_What you will do_
When the line containing "rosier inconnu" is found in the data below, copy it and each line after it through the line containing "颈饰未镶嵌翡翠一**星13792", exactly and with no others.

[Opening Dataset excerpts section]

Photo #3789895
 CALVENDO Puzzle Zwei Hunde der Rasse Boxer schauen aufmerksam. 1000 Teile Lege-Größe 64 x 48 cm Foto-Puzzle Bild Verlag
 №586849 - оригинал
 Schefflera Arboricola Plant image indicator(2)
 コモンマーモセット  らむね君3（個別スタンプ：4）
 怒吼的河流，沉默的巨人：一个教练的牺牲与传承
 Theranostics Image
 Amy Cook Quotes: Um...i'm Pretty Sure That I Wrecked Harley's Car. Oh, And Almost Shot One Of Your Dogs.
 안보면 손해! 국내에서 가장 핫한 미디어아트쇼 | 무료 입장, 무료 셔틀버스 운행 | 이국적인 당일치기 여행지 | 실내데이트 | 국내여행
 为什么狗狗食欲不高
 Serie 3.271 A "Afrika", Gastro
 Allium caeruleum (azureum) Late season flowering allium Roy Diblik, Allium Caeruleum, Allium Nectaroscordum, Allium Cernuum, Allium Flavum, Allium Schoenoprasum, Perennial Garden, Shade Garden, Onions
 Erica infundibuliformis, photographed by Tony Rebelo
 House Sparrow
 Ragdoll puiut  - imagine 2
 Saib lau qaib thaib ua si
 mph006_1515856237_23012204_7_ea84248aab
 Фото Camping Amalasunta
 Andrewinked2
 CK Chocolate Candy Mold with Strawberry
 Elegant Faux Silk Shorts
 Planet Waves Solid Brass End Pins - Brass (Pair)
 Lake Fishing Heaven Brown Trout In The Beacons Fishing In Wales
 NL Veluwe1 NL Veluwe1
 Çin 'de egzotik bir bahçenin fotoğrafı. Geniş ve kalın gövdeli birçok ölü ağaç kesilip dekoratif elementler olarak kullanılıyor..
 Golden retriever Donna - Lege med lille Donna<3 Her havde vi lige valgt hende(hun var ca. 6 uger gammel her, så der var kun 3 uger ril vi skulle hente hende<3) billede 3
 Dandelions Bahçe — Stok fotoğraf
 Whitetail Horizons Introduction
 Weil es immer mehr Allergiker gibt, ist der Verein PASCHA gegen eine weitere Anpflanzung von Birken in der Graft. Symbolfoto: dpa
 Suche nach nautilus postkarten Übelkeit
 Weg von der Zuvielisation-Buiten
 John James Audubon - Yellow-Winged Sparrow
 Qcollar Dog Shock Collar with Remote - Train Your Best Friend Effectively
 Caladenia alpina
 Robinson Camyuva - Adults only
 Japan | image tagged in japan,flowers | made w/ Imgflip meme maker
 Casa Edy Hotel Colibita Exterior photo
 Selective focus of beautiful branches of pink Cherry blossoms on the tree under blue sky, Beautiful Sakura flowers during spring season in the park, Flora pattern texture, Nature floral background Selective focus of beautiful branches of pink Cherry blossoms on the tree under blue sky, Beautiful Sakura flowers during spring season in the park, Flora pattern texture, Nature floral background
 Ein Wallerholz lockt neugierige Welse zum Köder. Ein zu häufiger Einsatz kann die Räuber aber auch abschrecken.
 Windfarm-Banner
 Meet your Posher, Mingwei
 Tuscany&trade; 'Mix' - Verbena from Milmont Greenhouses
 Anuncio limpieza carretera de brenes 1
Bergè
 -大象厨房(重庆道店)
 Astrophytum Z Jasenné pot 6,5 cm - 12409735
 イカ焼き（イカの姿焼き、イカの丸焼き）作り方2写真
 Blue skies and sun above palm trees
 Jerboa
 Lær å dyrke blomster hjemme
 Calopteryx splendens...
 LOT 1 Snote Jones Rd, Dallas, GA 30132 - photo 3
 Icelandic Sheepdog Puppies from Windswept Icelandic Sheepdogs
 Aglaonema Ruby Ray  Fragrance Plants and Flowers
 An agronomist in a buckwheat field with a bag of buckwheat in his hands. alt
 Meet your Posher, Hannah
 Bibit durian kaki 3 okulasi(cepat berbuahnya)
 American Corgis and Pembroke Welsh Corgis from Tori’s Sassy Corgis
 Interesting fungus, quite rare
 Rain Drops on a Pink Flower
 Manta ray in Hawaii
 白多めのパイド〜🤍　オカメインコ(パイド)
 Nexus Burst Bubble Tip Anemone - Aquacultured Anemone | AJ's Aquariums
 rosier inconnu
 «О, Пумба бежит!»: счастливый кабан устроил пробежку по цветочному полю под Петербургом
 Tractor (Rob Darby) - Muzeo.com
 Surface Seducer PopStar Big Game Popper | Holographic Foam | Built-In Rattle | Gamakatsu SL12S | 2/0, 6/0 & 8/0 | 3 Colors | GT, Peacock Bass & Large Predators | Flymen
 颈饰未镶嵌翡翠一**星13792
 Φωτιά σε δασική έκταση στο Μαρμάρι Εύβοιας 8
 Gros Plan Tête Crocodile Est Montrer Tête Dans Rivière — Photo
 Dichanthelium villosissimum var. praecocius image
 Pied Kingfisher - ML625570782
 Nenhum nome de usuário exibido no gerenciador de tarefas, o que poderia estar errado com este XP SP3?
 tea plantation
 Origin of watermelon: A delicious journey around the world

[Closing Dataset excerpts section]

_Written solution_
 rosier inconnu
 «О, Пумба бежит!»: счастливый кабан устроил пробежку по цветочному полю под Петербургом
 Tractor (Rob Darby) - Muzeo.com
 Surface Seducer PopStar Big Game Popper | Holographic Foam | Built-In Rattle | Gamakatsu SL12S | 2/0, 6/0 & 8/0 | 3 Colors | GT, Peacock Bass & Large Predators | Flymen
 颈饰未镶嵌翡翠一**星13792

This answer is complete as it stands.